Looks like a good layout, maybe you should make a trial page so that everyone could see how it would work/look.


----------



## Dene (Jan 14, 2011)

I believe this has already been tried...

Yea here it is.


----------



## Moss (Jan 14, 2011)

Dene said:


> I believe this has already been tried...
> 
> Yea here it is.


 
It's not what I'm speaking about. On those web-site only the owner can upload videos but I speak about something similar to youtube/dailymotion desired only to cubing.


----------



## MichaelX (Jan 14, 2011)

Sounds nice, I'd definitely use it.


----------



## AvGalen (Jan 14, 2011)

There used to be a website where video's of fast solves were stored. I have tried googling it, but I really couldn't find it anymore.
Anyone has any idea what I am talking about? This was 3 or 4 years ago


----------



## kar0209 (Jan 14, 2011)

AvGalen said:


> There used to be a website where video's of fast solves were stored. I have tried googling it, but I really couldn't find it anymore.
> Anyone has any idea what I am talking about?
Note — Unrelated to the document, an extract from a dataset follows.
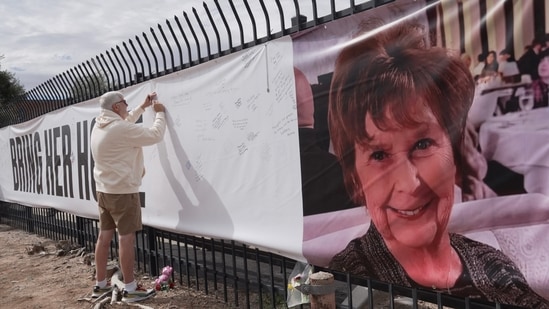 Caso de Nancy Guthrie: el investigador dice que las mochilas Ozark Trail Hiker están ‘cerradas detrás de un vidrio’ en Walmart cerca de su casa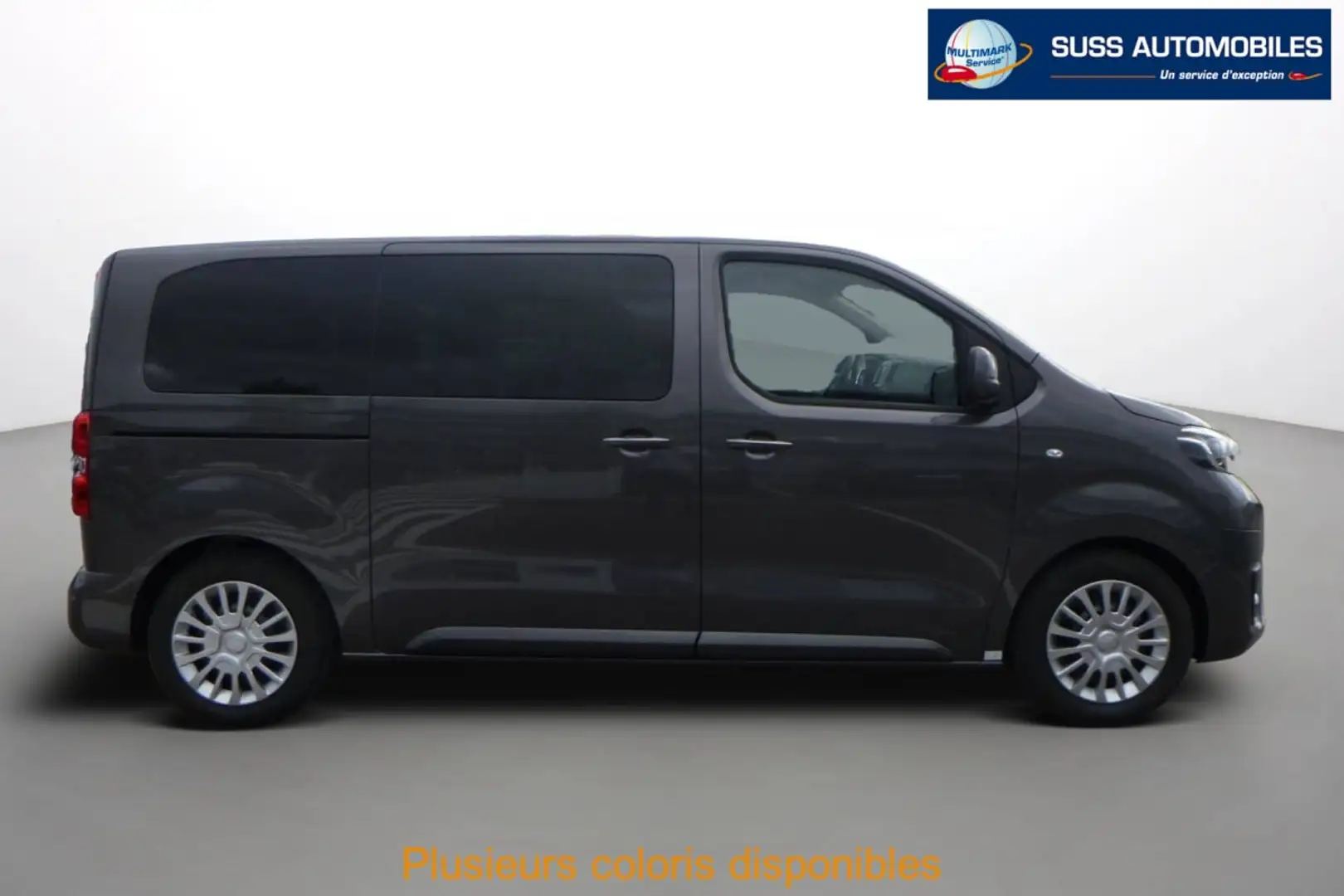 Toyota Medium 2.0L 180 D-4D BVA8 Lounge Gri - 2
This was 3 or 4 years ago



Have a look at Dene's post on the previous page.


----------



## MichaelP. (Jan 14, 2011)

Dene said:


> I believe this has already been tried...
> 
> Yea here it is.


 
This is different, because the videos aren't selected by a single person, anyone can upload. It's just a cubing version of youtube.


----------



## Logan (Jan 14, 2011)

kar0209 said:


> Have a look at Dene's post on the previous page.


 
2010 =\= 3 or 4 years ago.


----------



## Ethan Rosen (Jan 14, 2011)

AvGalen said:


> There used to be a website where video's of fast solves were stored. I have tried googling it, but I really couldn't find it anymore.
> Anyone has any idea what I am talking about? This was 3 or 4 years ago


 
Strangepuzzle?


----------



## Moss (Jan 15, 2011)

I received many suggestions regarding a system which will work like chatroulette but for cubers so I decided that it'll be funnier.

When you join the web-site you'll receive a random partner with whom you'll be able to conversate over web-cam and site will generate a scramble, after both persons pressed space by accepting that they're ready the timer starts in 3 seconds.

I am planning to release it in February.


----------